**PROBLEM TO SOLVE:**
Every line of the data should be written out exactly, with the pictures left out.

**INFORMATION PROVIDED:**
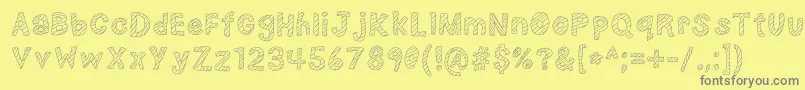 NerdPlusDork=Nork Font – Gray Fonts on Yellow Background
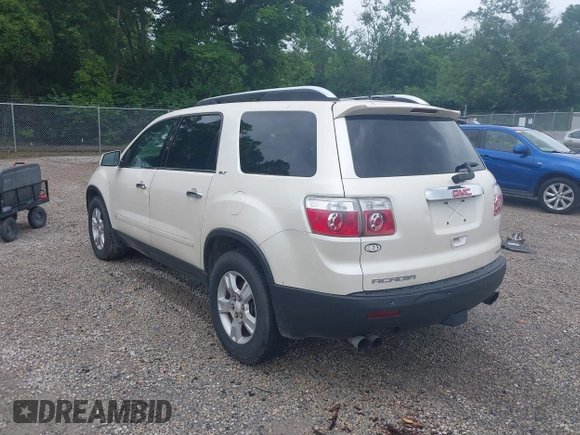 2009 GMC Acadia SLT2 with VIN 1GKEV33D69J208693, listed as a IAAI auction lot 42502300 with Not provided miles and . Bid and sale history available at DreamBid. Image 3.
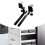 Keyboard Clamp Rail Computer Arm Rest Under Desk Steel Construction Easy Install for Office Workstations 7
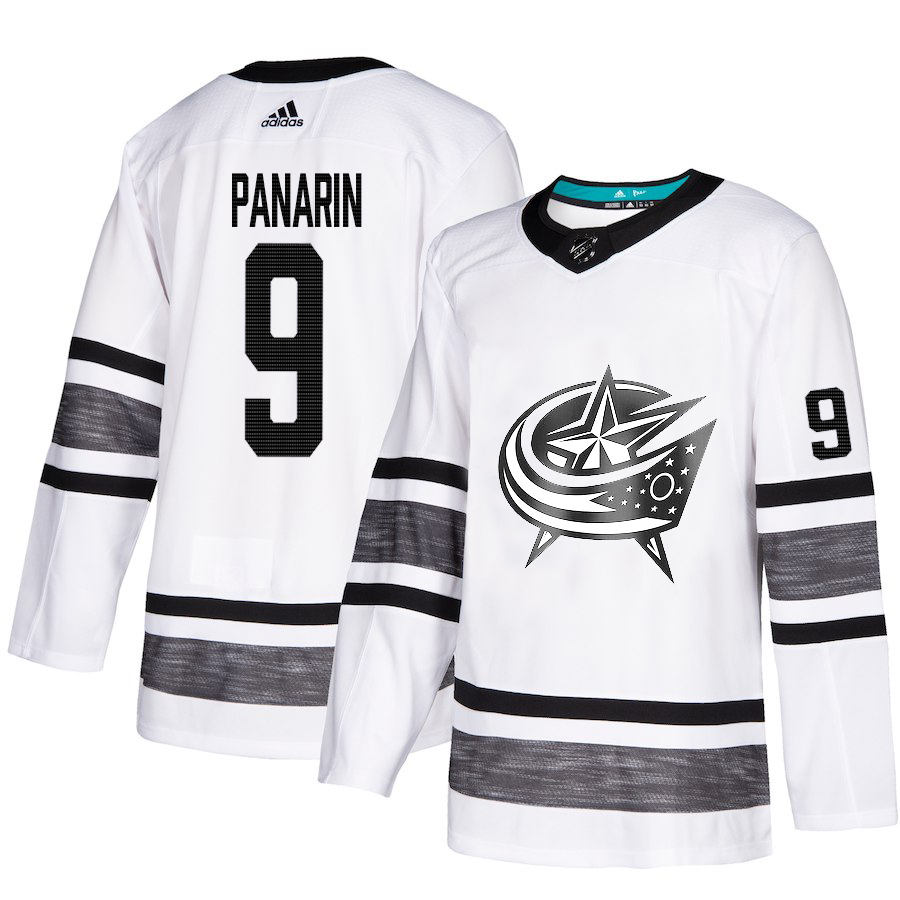 Adidas Blue Jackets #9 Artemi Panarin White 2019 All-Star Game Parley Authentic Stitched NHL Jersey Adidas Blue Jackets #9 Artemi Panarin White 2019 All-Star Game Parley Authentic Stitched NHL Jersey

**THE ANSWER:**
 NerdPlusDork=Nork Font – Gray Fonts on Yellow Background
 2009 GMC Acadia SLT2 with VIN 1GKEV33D69J208693, listed as a IAAI auction lot 42502300 with Not provided miles and . Bid and sale history available at DreamBid. Image 3.
 Keyboard Clamp Rail Computer Arm Rest Under Desk Steel Construction Easy Install for Office Workstations 7
 Adidas Blue Jackets #9 Artemi Panarin White 2019 All-Star Game Parley Authentic Stitched NHL Jersey Adidas Blue Jackets #9 Artemi Panarin White 2019 All-Star Game Parley Authentic Stitched NHL Jersey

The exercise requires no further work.